Data entry operations time cut 97% — from 5 minutes to 10 seconds per record
Team was manually keying data from source documents into their database. Each entry took 4-5 minutes of copying, formatting, and validating. At scale this was consuming significant team capacity.
First version skipped validation step — garbage data corrupted the database. Added strict validation layer after the first week. Also tried to process all document types with one universal prompt — accuracy was poor. Switched to document-type-specific extraction prompts.
Operation time reduced from 4-5 minutes to 10-20 seconds per record.
That is a 97% reduction in execution time. Error rate dropped from 5% manual to near zero automated. 'By making this workflow we reduced this whole operation time from four to five minutes down to about 10 to 20 seconds.' — System team.

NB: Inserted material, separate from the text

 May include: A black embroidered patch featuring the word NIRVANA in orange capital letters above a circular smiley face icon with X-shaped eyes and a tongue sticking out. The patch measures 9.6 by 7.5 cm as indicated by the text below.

Frequently asked questions
What did this team achieve with this AI workflow?
Operation time reduced from 4-5 minutes to 10-20 seconds per record.
What tools did this team use?
n8n, AI extraction, Database, Source systems.
What results were reported?
Time saved: 97% faster per record; Volume: High-volume daily; Running since: Nov 2024 (source-reported, not independently verified).
What failed first in this deployment?
First version skipped validation step — garbage data corrupted the database.
How is this data ops AI workflow structured?
Document intake → N8n → AI extraction → Validation → Database.